Albee's grandmother was the one relative with whom he had a close relationship. In the play, Grandma is presented as spirited, witty, and intelligent. One critic notes that his portrait of his grandmother is "totally sympathetic and is marked by deep affection and respect for her resilient spirit." Albee dedicated his play The Sandbox—which follows the same characters from The American Dream—to her.
Some critics would not even review The American Dream because of its content, and some who did criticized the play as nihilist, immoral, and defeatist. Most reviews, however, have been positive. The New York Sun said the play "provides a richer theatrical experience, and has more to say, than most plays that run twice its length."
Martin Esslin, a critic and dramatist best known for coining the term "Theater of the Absurd," called The American Dream a "brilliant first example of an American contribution to the Theatre of the Absurd." The term refers to a dramatic movement that emerged in Europe during the mid-20th century. Absurdist plays explore the absurdity of the human condition and eschew traditional theatrical conventions, instead experimenting with new methods.
In 2008 Albee celebrated his 80th birthday by directing The American Dream in the same theater in which it was performed almost 50 years earlier. The revival was well received, with critics calling it "a formidable revival" and gushing that it was "surprisingly fresh—and alarmingly relevant."
Reacting to charges that The American Dream has too many negative aspects, Albee explained that he intended his play to be offensive. He did not deny that The American Dream is unpleasant, simply stating that it is "a picture of our time." He continued:
Every honest work is a personal, private yowl, a statement of one individual's pleasure or pain; but I hope that The American Dream is something more than that.
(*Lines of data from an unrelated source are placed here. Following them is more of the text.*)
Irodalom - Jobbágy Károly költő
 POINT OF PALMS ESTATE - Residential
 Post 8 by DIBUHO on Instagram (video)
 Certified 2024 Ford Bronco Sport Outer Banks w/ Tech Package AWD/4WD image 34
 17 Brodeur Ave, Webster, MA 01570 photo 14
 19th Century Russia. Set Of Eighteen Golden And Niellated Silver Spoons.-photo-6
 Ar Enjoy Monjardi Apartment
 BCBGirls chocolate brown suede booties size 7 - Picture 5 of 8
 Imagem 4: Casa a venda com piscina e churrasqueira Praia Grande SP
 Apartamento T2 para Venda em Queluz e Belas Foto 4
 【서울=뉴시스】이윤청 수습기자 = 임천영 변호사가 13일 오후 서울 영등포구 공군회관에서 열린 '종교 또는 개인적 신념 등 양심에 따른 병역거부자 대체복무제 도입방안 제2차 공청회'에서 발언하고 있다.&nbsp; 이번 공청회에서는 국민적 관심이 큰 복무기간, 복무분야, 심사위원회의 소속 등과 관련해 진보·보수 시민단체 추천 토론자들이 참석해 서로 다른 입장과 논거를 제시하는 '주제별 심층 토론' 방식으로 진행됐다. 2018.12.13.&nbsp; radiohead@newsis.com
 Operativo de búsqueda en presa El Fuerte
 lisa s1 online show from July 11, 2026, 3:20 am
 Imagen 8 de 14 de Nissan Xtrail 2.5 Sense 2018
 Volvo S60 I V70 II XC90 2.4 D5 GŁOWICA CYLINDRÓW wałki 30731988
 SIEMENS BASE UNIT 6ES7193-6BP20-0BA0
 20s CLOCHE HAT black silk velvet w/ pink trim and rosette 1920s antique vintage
Albee wanted the work to transcend "the personal and the private" and reflect "the anguish of us all."
Albee's writing earned him many prestigious awards, including the Pulitzer. His Pulitzer Prizes for Drama were for A Delicate Balance (1967), Seascape (1975), and Three Tall Women (1994). Albee did not win any awards for The American Dream.
While Albee was working on The American Dream, he won a commission from a festival in Italy to write a short play. Albee took four characters from The American Dream and placed them in a different setting and circumstance. The resulting one-act play, The Sandbox, runs for only 15 minutes and is often performed directly after The American Dream.